▶ [YOUR OBJECTIVE] With nothing added and nothing dropped, write out all of the entries below.

● ● ● ● ● ● ●

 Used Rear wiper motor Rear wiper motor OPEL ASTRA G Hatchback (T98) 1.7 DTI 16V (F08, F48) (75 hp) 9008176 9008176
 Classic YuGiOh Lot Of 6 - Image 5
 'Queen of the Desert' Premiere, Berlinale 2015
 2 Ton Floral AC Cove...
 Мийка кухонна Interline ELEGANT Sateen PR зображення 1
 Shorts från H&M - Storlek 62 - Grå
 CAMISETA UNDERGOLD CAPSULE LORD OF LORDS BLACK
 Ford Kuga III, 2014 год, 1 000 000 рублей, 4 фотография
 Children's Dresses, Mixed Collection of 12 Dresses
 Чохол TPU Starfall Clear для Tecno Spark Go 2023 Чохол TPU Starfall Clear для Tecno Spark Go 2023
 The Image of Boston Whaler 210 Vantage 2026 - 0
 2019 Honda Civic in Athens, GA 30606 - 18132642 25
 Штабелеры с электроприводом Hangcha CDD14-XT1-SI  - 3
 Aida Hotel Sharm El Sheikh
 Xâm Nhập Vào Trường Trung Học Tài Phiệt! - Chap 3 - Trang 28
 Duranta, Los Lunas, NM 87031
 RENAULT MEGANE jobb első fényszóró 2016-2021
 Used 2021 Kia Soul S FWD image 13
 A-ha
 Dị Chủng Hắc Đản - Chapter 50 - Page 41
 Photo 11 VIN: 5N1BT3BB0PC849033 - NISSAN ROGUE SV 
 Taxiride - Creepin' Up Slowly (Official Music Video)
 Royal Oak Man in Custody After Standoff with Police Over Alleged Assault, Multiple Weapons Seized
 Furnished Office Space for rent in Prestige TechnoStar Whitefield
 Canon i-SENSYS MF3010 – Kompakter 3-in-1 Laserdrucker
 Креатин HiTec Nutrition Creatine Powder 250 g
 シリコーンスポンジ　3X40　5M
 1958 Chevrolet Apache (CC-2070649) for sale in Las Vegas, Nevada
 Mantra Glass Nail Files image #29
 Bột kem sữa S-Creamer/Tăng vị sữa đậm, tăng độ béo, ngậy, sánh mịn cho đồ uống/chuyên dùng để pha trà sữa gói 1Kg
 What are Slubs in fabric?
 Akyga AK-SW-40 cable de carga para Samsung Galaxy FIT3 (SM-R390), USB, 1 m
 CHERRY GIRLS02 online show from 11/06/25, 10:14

● ● ● ● ● ● ●

▶ [ANSWER AREA]
 Used Rear wiper motor Rear wiper motor OPEL ASTRA G Hatchback (T98) 1.7 DTI 16V (F08, F48) (75 hp) 9008176 9008176
 Classic YuGiOh Lot Of 6 - Image 5
 'Queen of the Desert' Premiere, Berlinale 2015
 2 Ton Floral AC Cove...
 Мийка кухонна Interline ELEGANT Sateen PR зображення 1
 Shorts från H&M - Storlek 62 - Grå
 CAMISETA UNDERGOLD CAPSULE LORD OF LORDS BLACK
 Ford Kuga III, 2014 год, 1 000 000 рублей, 4 фотография
 Children's Dresses, Mixed Collection of 12 Dresses
 Чохол TPU Starfall Clear для Tecno Spark Go 2023 Чохол TPU Starfall Clear для Tecno Spark Go 2023
 The Image of Boston Whaler 210 Vantage 2026 - 0
 2019 Honda Civic in Athens, GA 30606 - 18132642 25
 Штабелеры с электроприводом Hangcha CDD14-XT1-SI  - 3
 Aida Hotel Sharm El Sheikh
 Xâm Nhập Vào Trường Trung Học Tài Phiệt! - Chap 3 - Trang 28
 Duranta, Los Lunas, NM 87031
 RENAULT MEGANE jobb első fényszóró 2016-2021
 Used 2021 Kia Soul S FWD image 13
 A-ha
 Dị Chủng Hắc Đản - Chapter 50 - Page 41
 Photo 11 VIN: 5N1BT3BB0PC849033 - NISSAN ROGUE SV 
 Taxiride - Creepin' Up Slowly (Official Music Video)
 Royal Oak Man in Custody After Standoff with Police Over Alleged Assault, Multiple Weapons Seized
 Furnished Office Space for rent in Prestige TechnoStar Whitefield
 Canon i-SENSYS MF3010 – Kompakter 3-in-1 Laserdrucker
 Креатин HiTec Nutrition Creatine Powder 250 g
 シリコーンスポンジ　3X40　5M
 1958 Chevrolet Apache (CC-2070649) for sale in Las Vegas, Nevada
 Mantra Glass Nail Files image #29
 Bột kem sữa S-Creamer/Tăng vị sữa đậm, tăng độ béo, ngậy, sánh mịn cho đồ uống/chuyên dùng để pha trà sữa gói 1Kg
 What are Slubs in fabric?
 Akyga AK-SW-40 cable de carga para Samsung Galaxy FIT3 (SM-R390), USB, 1 m
 CHERRY GIRLS02 online show from 11/06/25, 10:14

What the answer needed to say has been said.